Empezó la sesión en Valencia con el Concierto para piano y orquesta núm. 17 de Mozart y, casi desde el principio, Uchida se mostró atenta, como directora, a la recuperación del peso que los instrumentos de viento tuvieron en la orquesta del siglo XVIII. Hubo encantadores solos de flauta y oboe, mientras que el piano mostró un timbre perlado unido a un fraseo coqueto y juguetón, sin exhibiciones de potencia, innecesarias por lo demás en esta obra. En el Andante, contrastes dinámicos y agógicos fueron más acusados, como si quisiera acercarse al XIX, pero pisando aún la tierra firme del XVIII. El fraseo se movió en ese ámbito, tan caro a Uchida, donde la delicadeza extrema se acerca al capricho y, sin embargo, nunca llega a rozarlo. El último movimiento, tan alegre como tierno, podría presentar ocasiones para hablar de virtuosismo. También, y todavía más, el primero del núm. 25, con un gran catálogo de dificultades. Pero con Mozart, la palabra “virtuosismo” suena hueca. Algo semejante sucede con Mitsuko Uchida. No hay circo en ninguno de los dos casos. La velocidad, por ejemplo, cuando se produce, resulta tan natural que casi pasa desapercibida. Sólo el instrumentista sabe cuánto le cuesta que no haya brusquedad en el ataque ni desigualdades en la pulsación, que las manos vuelen como si nada, que los pedales estén sin que se noten, que todo suene limpio y que reine la transparencia.
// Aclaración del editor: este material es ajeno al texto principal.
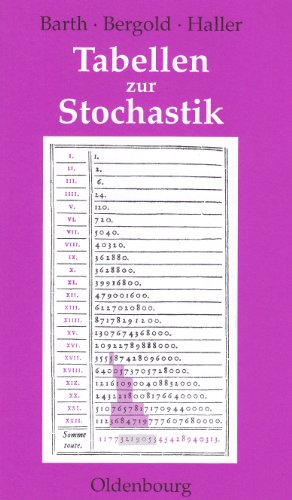 Stochastik: Schulbuch Tabellen von Oldenbourg Schulbuchverlag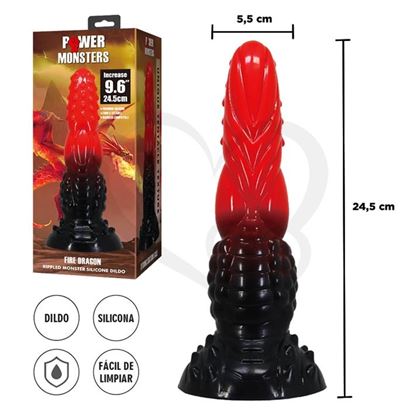 Dildo Monster con sopapa de silicona
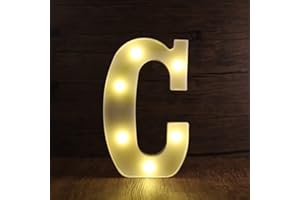 SMOTOT LED Buchstaben Lichter Alphabet Lampe Buchstabe Beleuchtung Lampe Beleuchtete Nachtlichter Dekoration für Geburtstag Weihnachten Hochzeit Party Valentinstag mit 2AA Batterie Spurlose Haken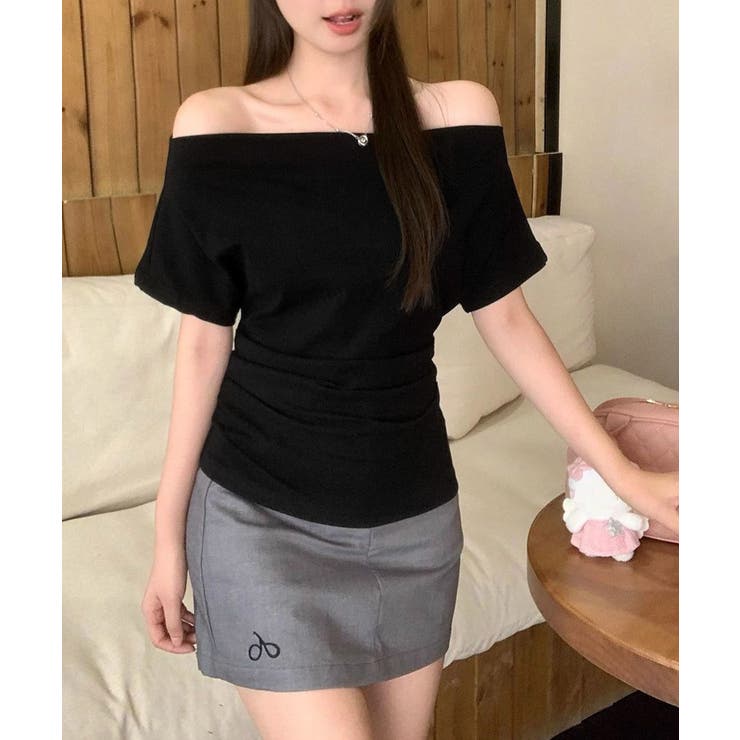 ワンショルダーtシャツ レディース ボートネック | SUNSHINE CLOSET | 詳細画像4 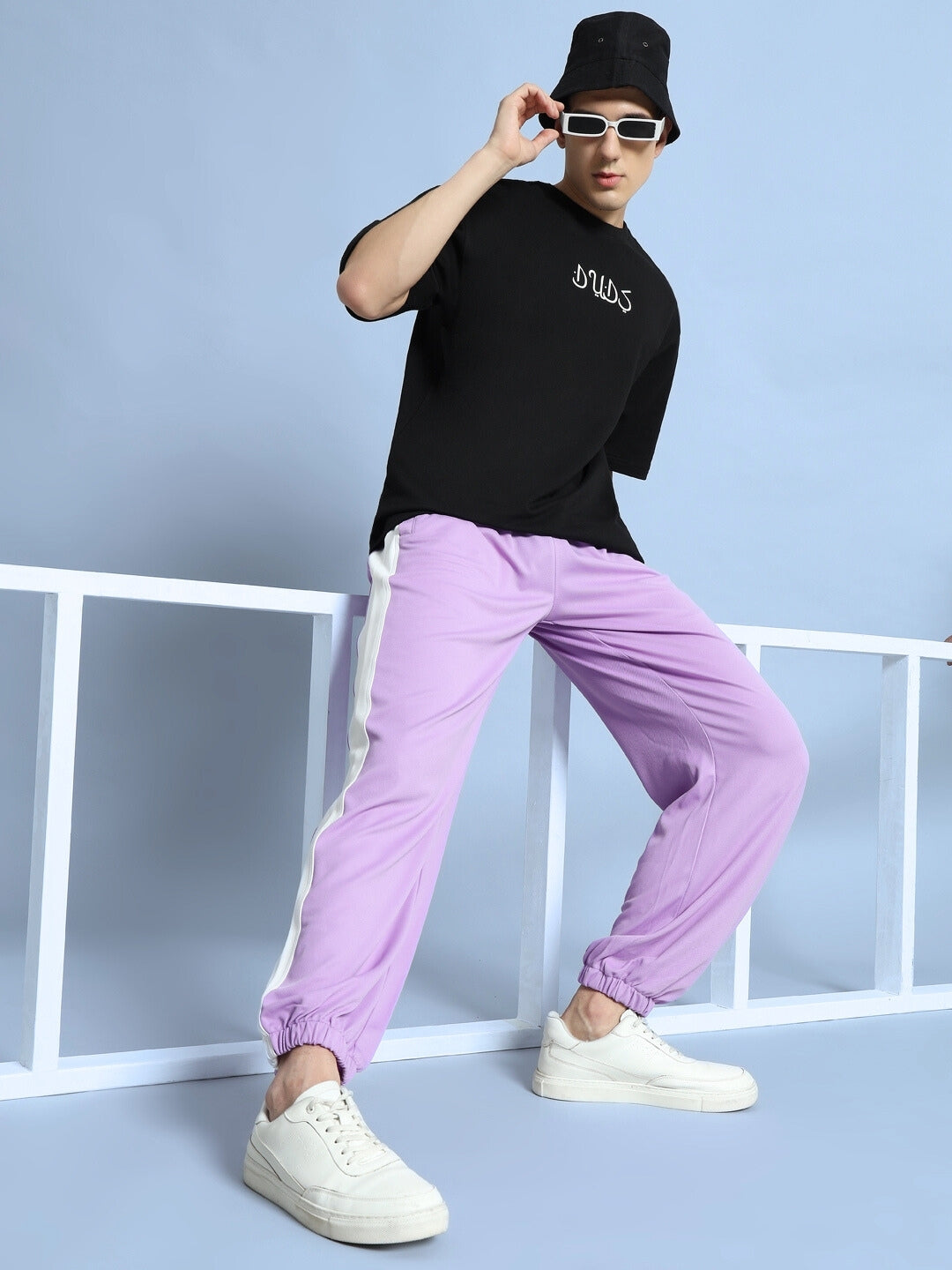 EUPHORIA JOGGERS (LAVENDER-WHITE)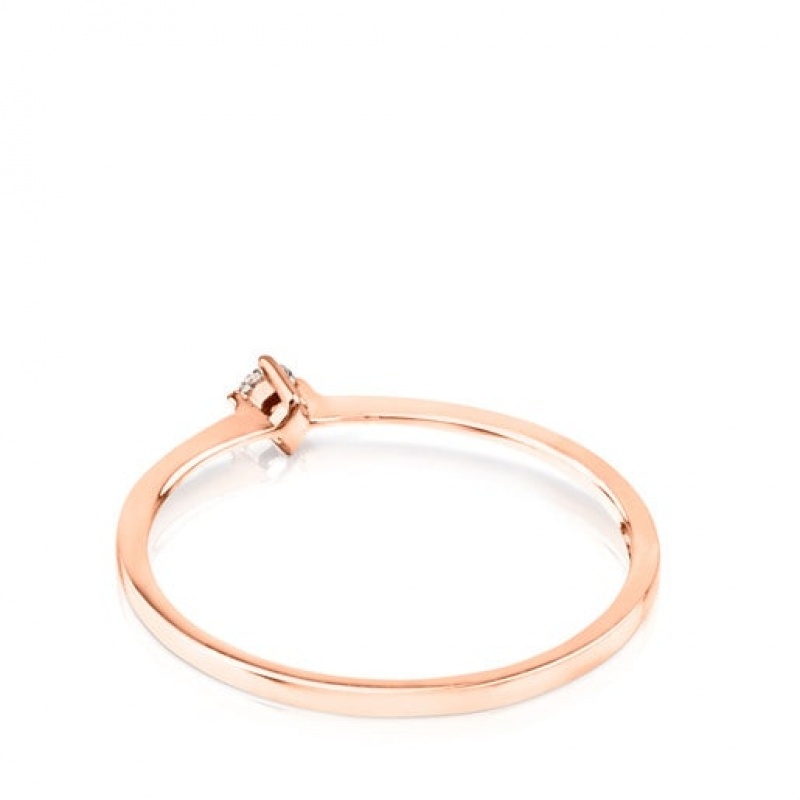 Tous Brillants With Diamond Ring Rosa Gold | Österreich-HUFCJT639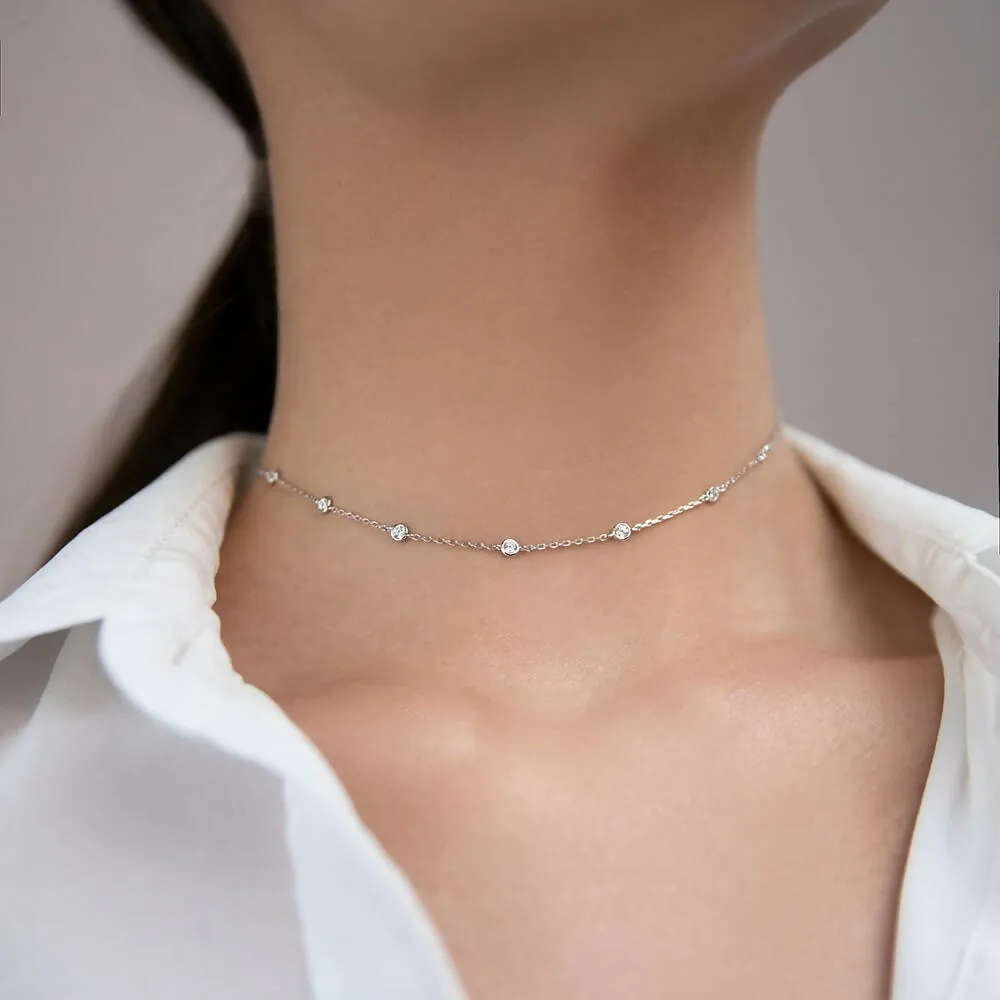Choker necklace Dots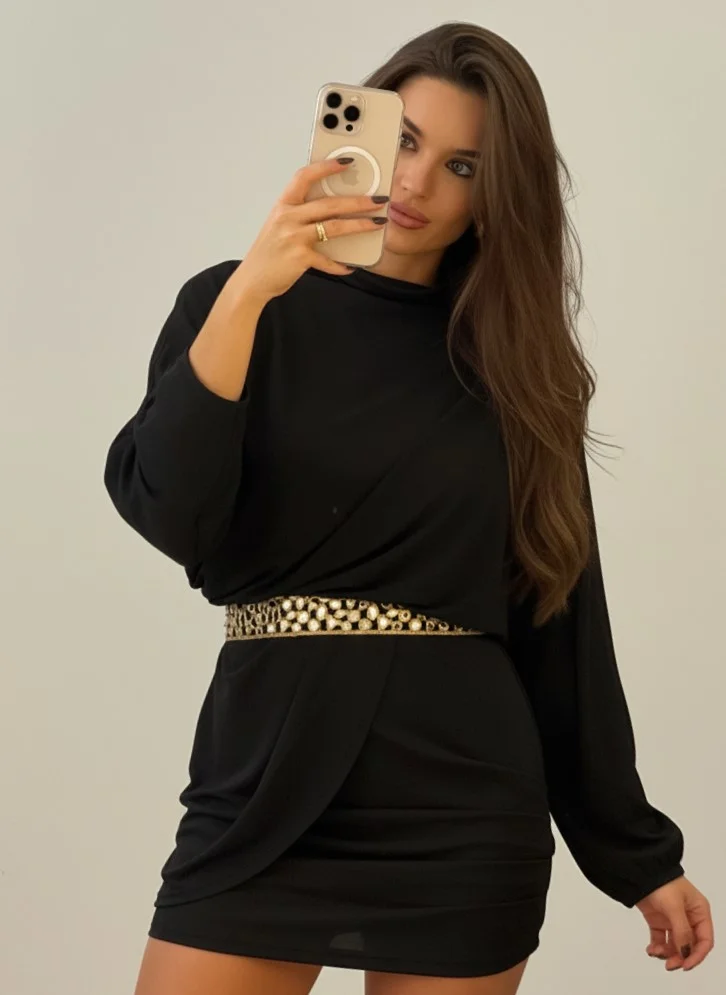 Vestido Ginebra Negro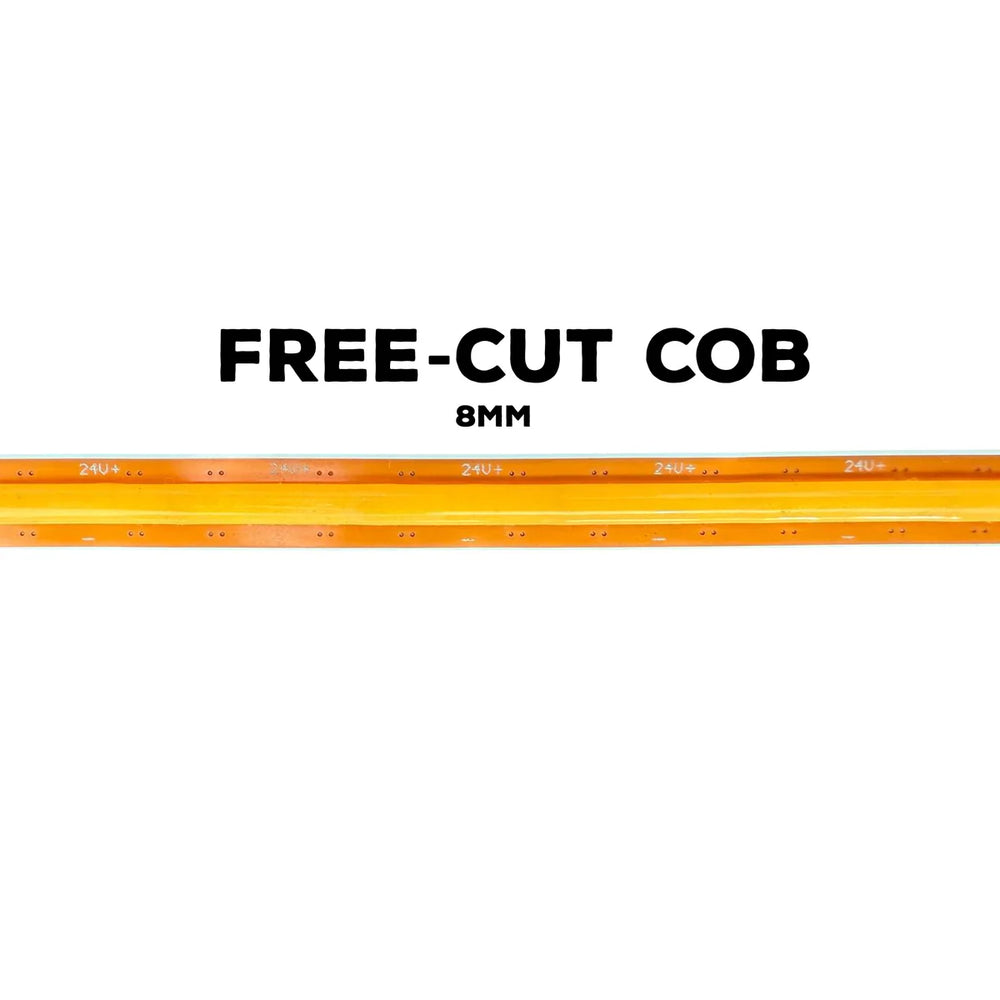 Outdoor Landscape Lighting LED 12V Low Voltage SLD14 Dotless COB Free-Cut Anywhere At Will Linear Single-Color 2700K/3000K/4000K/5000K LED Dimmable, 2.13W/ft 16.4ft/82ft COB Strip Lights IP20 Low Voltage 8mm DC24V Tape Light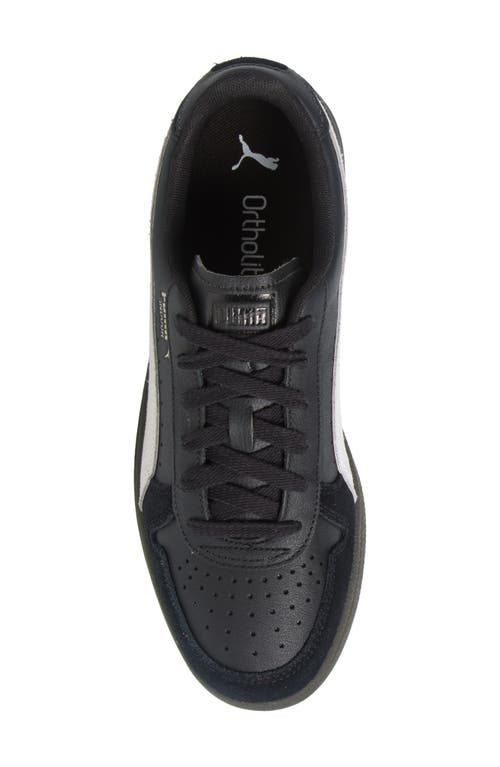 Puma Indoor Sneaker In Black- White-gum
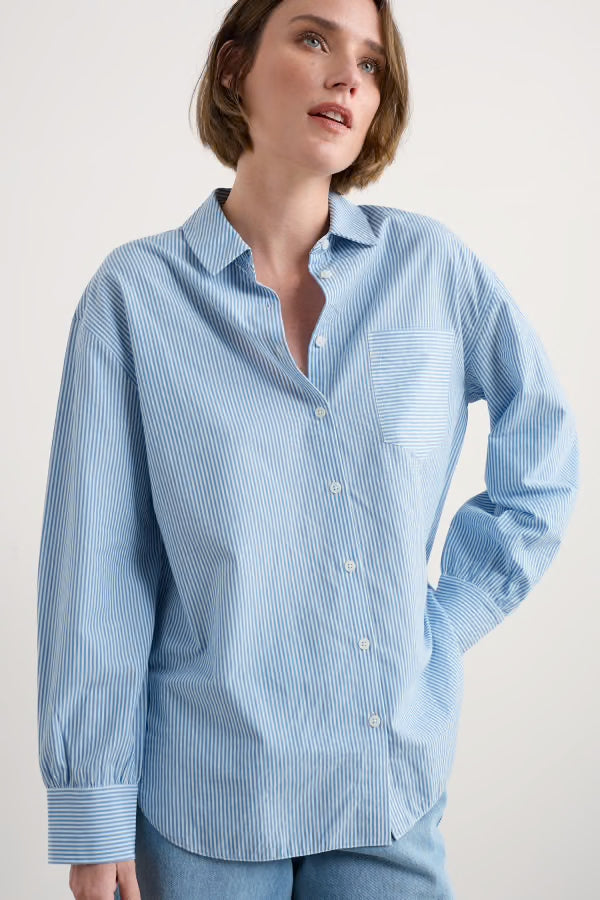 Seasalt Sea Path Poplin Shirt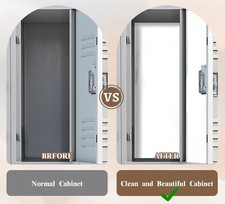 2 WHITE pieces MAGNETIC WALLPAPER 12" x 36" removable school locker decor, Haull
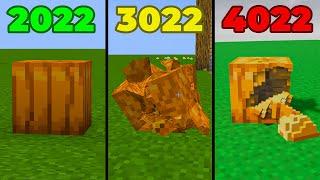 minecraft physics in 2022 vs 3022 vs 4022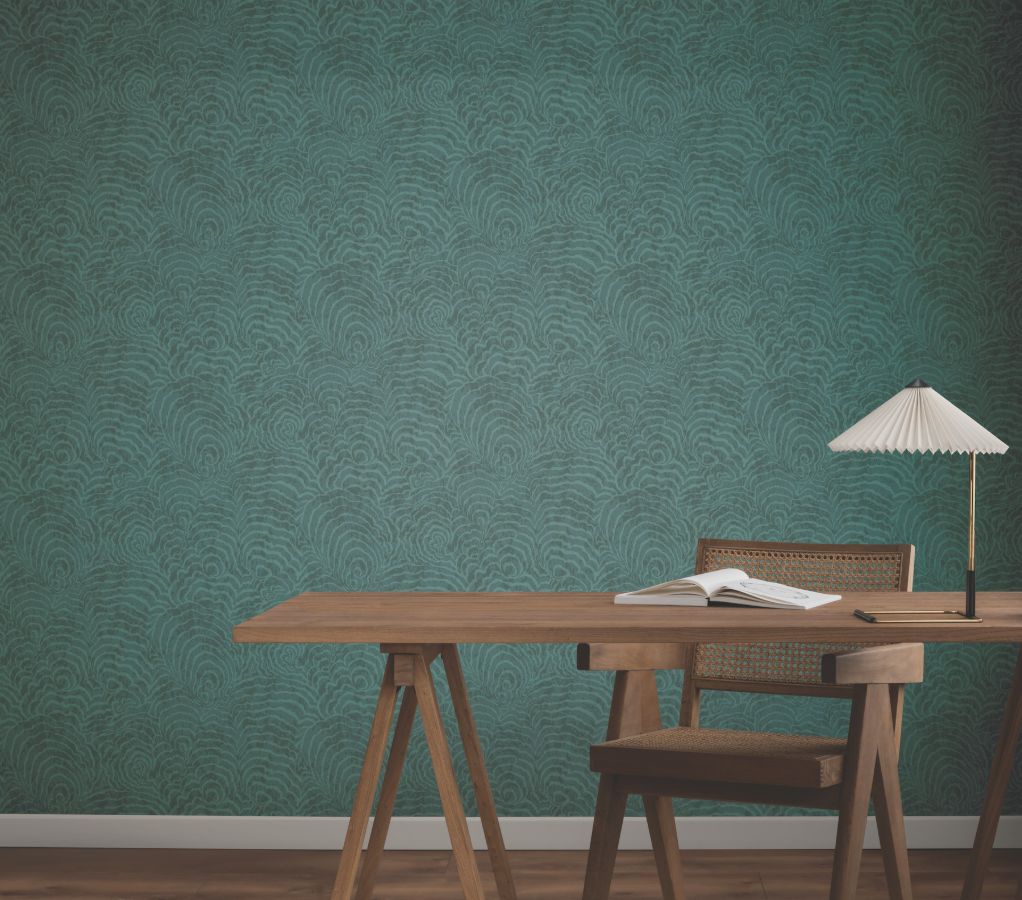 Purchase Gn2631 | Woodnote, Ocean Jasper Teal - York Wallpaper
Vino luego, sin la pianista y dirigiendo el concertino de la Mahler Chamber Orchestra (Itamar Zorman), el Divertimento KV 137. También hubo aquí nitidez y expresión. Y aunque la obra pareció menor en relación a la precedente, conviene recordar que Mozart sólo tenía 16 años cuando la compuso (1772).

Tras el descanso, Uchida retornó para tocar y dirigir –desde el piano- el Concierto núm. 25, fechado en 1786 y todo él lleno de premoniciones: la célula rítmica básica –motivo del Destino- de la Quinta Sinfonía de Beethoven, que se gestó entre 1803 y 1808, las siete primeras notas de la Marsellesa, compuesta en 1792 por Rouget de Lisle, y hasta algún pequeño adelanto de la Flauta Mágica, que Mozart escribió en 1791, dos meses antes de morir. El núm. 25, partitura de una envergadura notable, es el antepenúltimo concierto para piano de Mozart, y en su escritura aparecen ya, perfectamente cristalizadas, las aportaciones que el compositor de Salzburgo hizo en este género. Aportaciones que le proporcionan un dramatismo y una hondura emparentados con los de sus últimas óperas y sinfonías, aunque también es cierto, sobre todo en el último movimiento, que todavía queda algún eco de ese rococó desvaneciente abierto a un mundo nuevo. Pianista y orquesta marcaron bien las líneas básicas de la partitura, y Uchida tuvo nuevas ocasiones para exhibir su profundo conocimiento del universo mozartiano. En este caso, sin embargo, dado el carácter de la partitura, algunos pasajes hubieran agradecido que el piano se mostrara un punto –sólo un punto- más poderoso, y que se manejase alguna carga adicional de profundidad. La orquesta, por su parte, volvió a brillar, destacando las preciosas intervenciones de flauta y oboe en el Allegretto final.

La deliciosa sonata en Re menor, K. 9, de Scarlatti, ofrecida por la japonesa ante los insistentes aplausos del público, puso punto final a la velada, a pesar de que la gente, conmovida, seguía pidiendo (¡cómo no!) todavía más.